Facebook Business Accounts for managing/developing applications

facebookfacebook-appsfacebook-developers

As described at What is the difference between a business account and a personal account?

Business accounts are designed for individuals who only want to use the site to administer Pages and their ad campaigns. For this reason, business accounts do not have the same functionality as personal accounts. Business accounts have limited access to information on the site. […] In addition, business accounts cannot be found in search, send or receive friend requests, or create/develop apps.

It's understood that in order to create and manage applications one needs a personal account. Under which account should the apps go if the owner of the applications wants to represent themselves as a business identity for example a LLC?

The current thinking would be to assign an employee with administrative rights within the company as the "administrator" in the roles in application settings. Then any contractor, developer, person outsourced can be assigned to a developer role.

http://developers.facebook.com/docs/ApplicationSecurity/

Though the "administrator" still ends up being a person and as such when this individual leaves the company the credentials would need to be handed it over leading to having to add this to the contract itself

Please give access to Mr.NewGuyTakingYourJob and remove yourself as administrator from all our applications, thank you.

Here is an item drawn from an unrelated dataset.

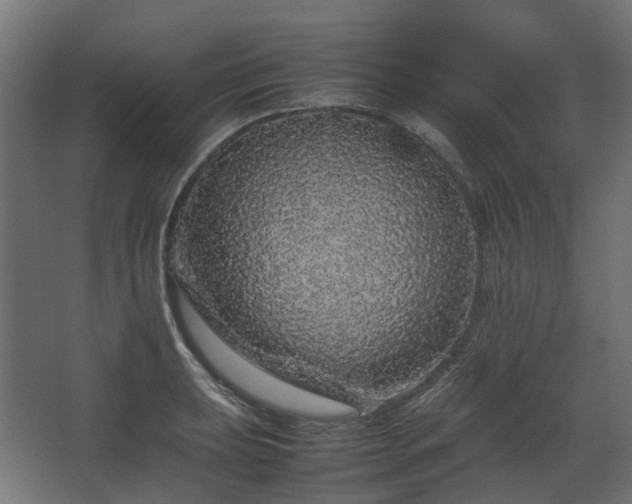 X0000067851039200604201302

Ok, problem solved but then the cycle repeats itself when Mr.NewGuyTakingYourJob decides to quit or go AWOL.

How does one manage Facebook applications under the business identity of, for example a LLC?

Best Answer

From a technological perspective, the important problem which you are addressing -- that of a disgruntled admin "hijacking" a Facebook application -- does not seem to currently have a solution.

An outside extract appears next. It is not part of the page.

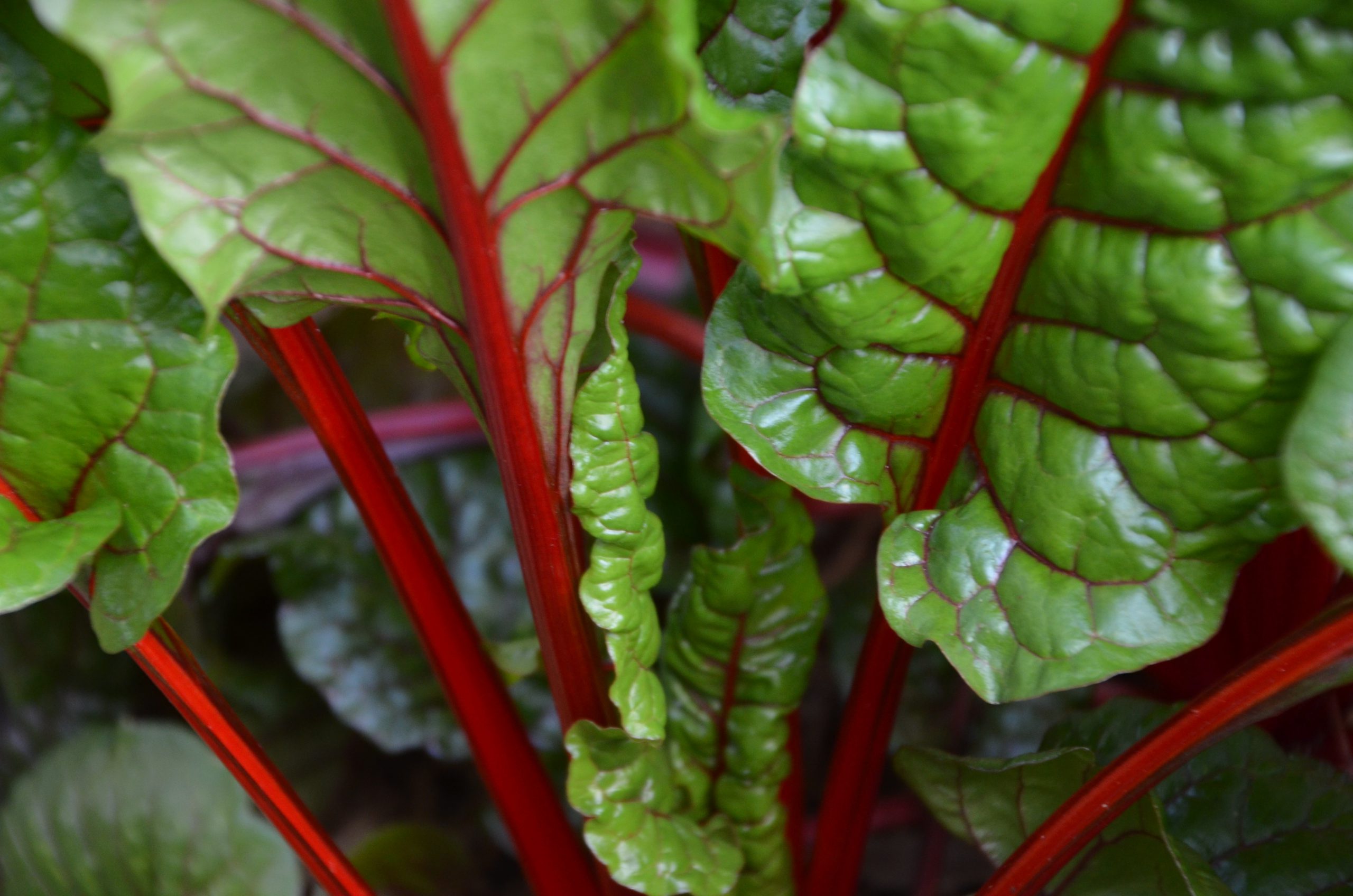 Chard~Cinnamon Apple Style - Arise &amp; Shine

This problem is virtually identical to that of a Facebook page being similarly hijacked, and as mentioned in this article on Mashable from Sept. 2011, the latter seems to be a flaw in Facebook's security architecture. Judging from the articles found in a Google search today for "hijack facebook page disgruntled employee", it would seem that this flaw has not yet been fixed.

Moreover, technologically, this danger exists regardless of the legal nature of the business entity involved. So, I don't think that the perspective of an LLC changes anything.

From your description of the "repeating cycle," I suspect that you were not asking for a legal perspective on how to prevent or manage this problem, say, via clauses in contracts ... etc.